US Presidential Debate #2 Tonight: Discuss Here
The second U.S. Presidential debate kicks off in about a half-hour (9PM ET, 6PM PT, 0100 UTC) from Hofstra University in Hempstead, New York. Incumbent Barack Obama and challenger Mitt Romney will take questions from an audience of allegedly undecided voters. A live stream of the event will be available from a number of sources (C-SPAN, CNN, ABC, and PBS), and it will be broadcast nationally on the major networks. The flash-less and television-less can use rtmpdump to catch the debate from C-SPAN. It won't preempt the more important telecasts, like playoff baseball. Candidates from smaller parties again went uninvited (e.g. Gary Johnson from the Libertarians, Jill Stein from the Greens, Virgil Goode from the Constitution Party, and Rocky Anderson from the Justice Party). In fact, Jill Stein was arrested for attempting to enter without credentials (her side of the story). Assuming she's out of jail by Thursday, she and Gary Johnson will be participating in an online debate hosted by IVN.us. While tonight's debate is in progress, Politifact will be fact-checking the candidates in real-time (while CNN has demonstrated their journalistic capabilities with a debate drinking game). Feel free to weigh in with your commentary on the debate below — it would be helpful to provide timestamps or other context when referring to particular statements. As before, we're posting this here in a vain attempt to keep the political discussion out of other story threads tonight. If either of the candidates spontaneously concedes the election or catches fire, we'll do our best to update you.

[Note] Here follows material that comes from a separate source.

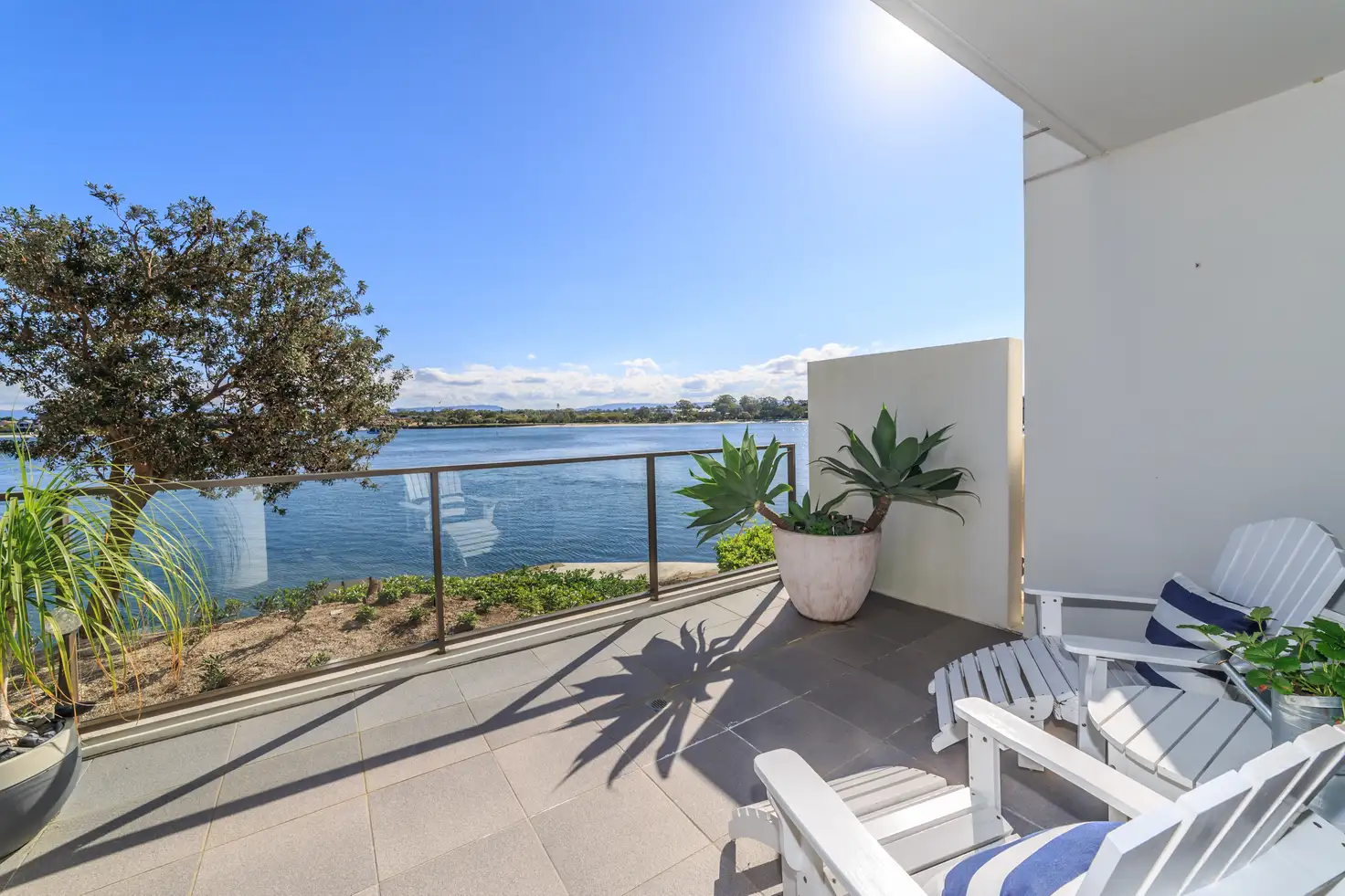 Main view of Homely apartment listing, 31105 Ephraim Island, Paradise Point QLD 4216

The problem though, is Mitt Romney's "good-ole American capitalism" is part of why so many people are out of work right now. Bain Capital's entire business is buying up businesses, dismantling them, and selling them for parts to pay off debts incurred in said purchases. How is this good for the USA?

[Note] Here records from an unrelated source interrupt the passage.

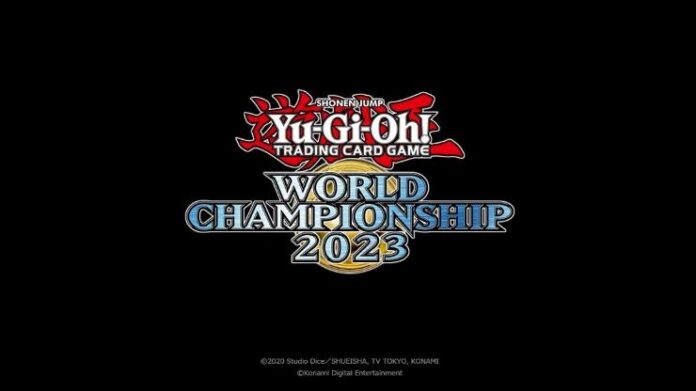 Campanha Road to Worlds Yu-Gi-Oh! Master DUels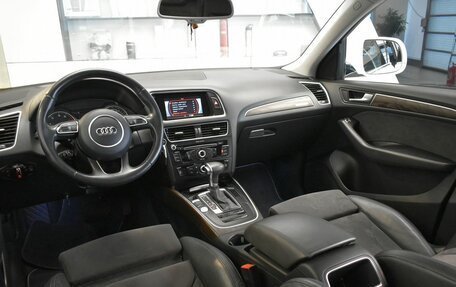 Audi Q5, 2015 год, 2 369 000 рублей, 19 фотография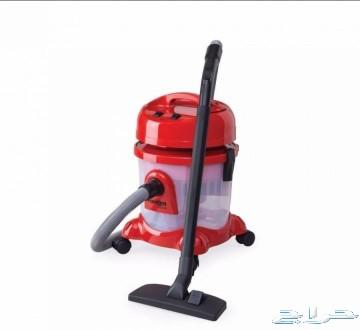 مكنسة كهربائية بمواصفات جبارة شفط ماء وغبار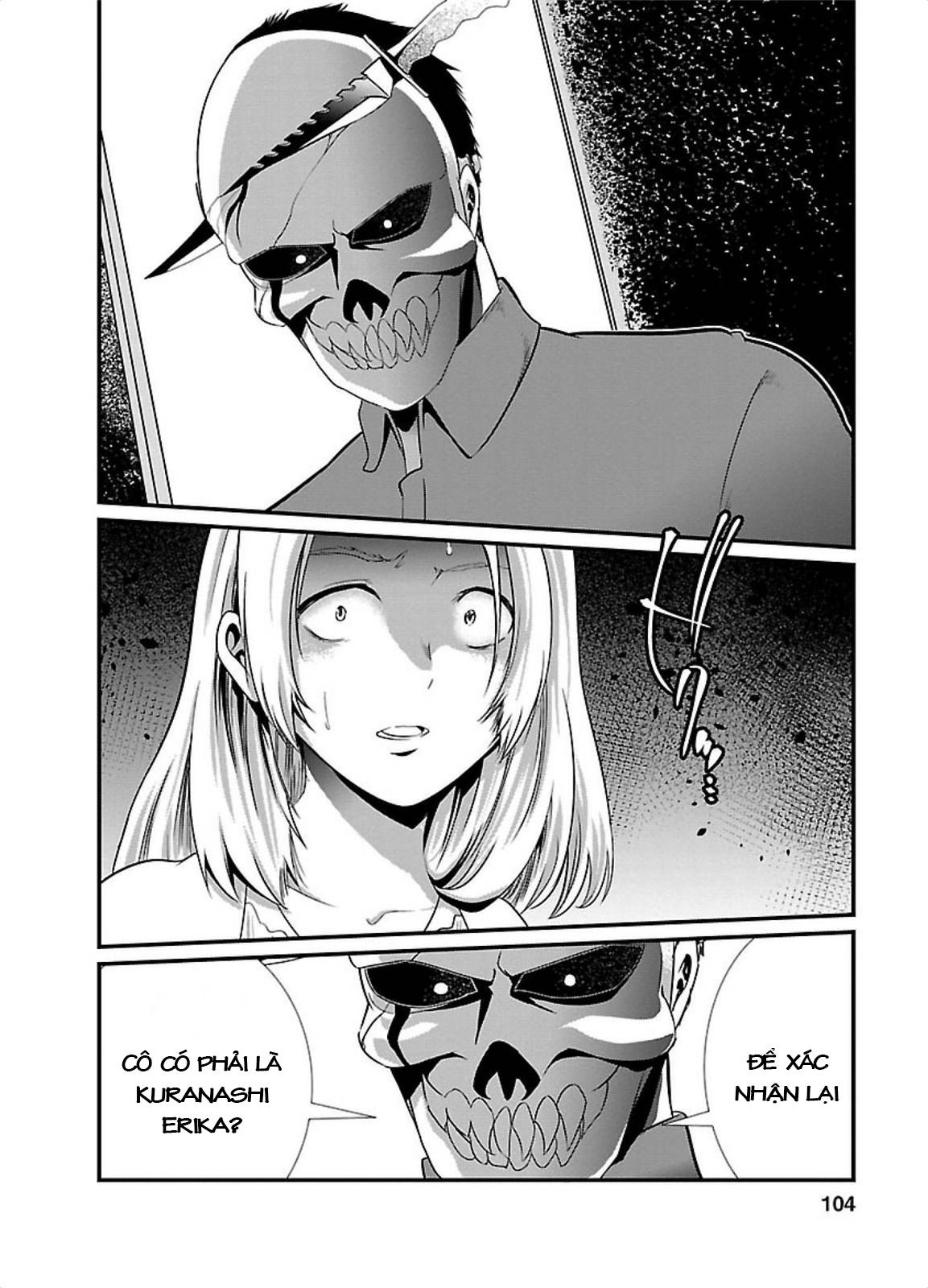 Nhà Tù Thí Nghiệm - Chương 4 - Trang 19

He may understand more about the economy, but I bet he's unwilling to fix it, because simply put, keeping it the way it is makes more money for big business.
$1k per month for health insurance? Jeezus, what kind of policy is that? I'm in my 40's and BCBS quoted me about $250 per month (actually slightly less) for a moderate ($2,500 deductible) policy with prescription coverage. I could cover that with unemployment insurance, and not even have to touch the $30k plus in my savings. Do you have an artificial heart or something?
Anthem Blue Cross health insurance for a 50 year old male:
$288/mo = $3500/year
$6000/year deductible
$3500 out of pocket maximum (after deductible)
As long as you don't need healthcare services, it's "only" $3500/year. But if you need to use your insurance, then you could be paying $9500 just to get to the deductible where insurance starts paying... then you could be paying up to $12,500 for the year.
It's quite simple really. Excessive taxation stifles economic growth reducing revenue and by the way reducing opportunity for all citizens to participate in the economy (meaning have jobs).
The Laffer curve has two sides.
Air support and soldiers on the ground advising rebel forces and helping to call in air strikes...
A military action by any other name is just as significant, and the fact remains that whatever term you use for what we did in Libya is not being done in Syria where the same reasoning applies.
"There is more worth loving than we have strength to love." - Brian Jay Stanley
Stop repeating that lie. Between the GOP delaying Franken's entry to the Senate through frivolous court challenges, followed by by Ted Kennedy's sickness and death, the Democrats only had a few months of filibuster-proof majority. They used it to pass Obamacare.
A vote for third party is a vote for the incumbent.
No, a vote for a third party is one less vote for the candidate you would have otherwise voted for if you got off your high horse and realized government and politics are about compromise and practicality (and that "you" is not you the poster, I think we agree with the point that third party votes in this elections are basically making a statement at the expense of your future...)
He didn't even finish the term he was elected to.
Im not sure if you are lying due to lack of scruples, or are ignorant. According to wikipedia (and, im sure, public record),
Romney filed to register a presidential campaign committee with the Federal Election Commission on his penultimate day in office as governor.[225] His term ended January 4, 2007. (http://en.wikipedia.org/wiki/Mitt_Romney#Tenure.2C_2003.E2.80.9307 , last line before the next section)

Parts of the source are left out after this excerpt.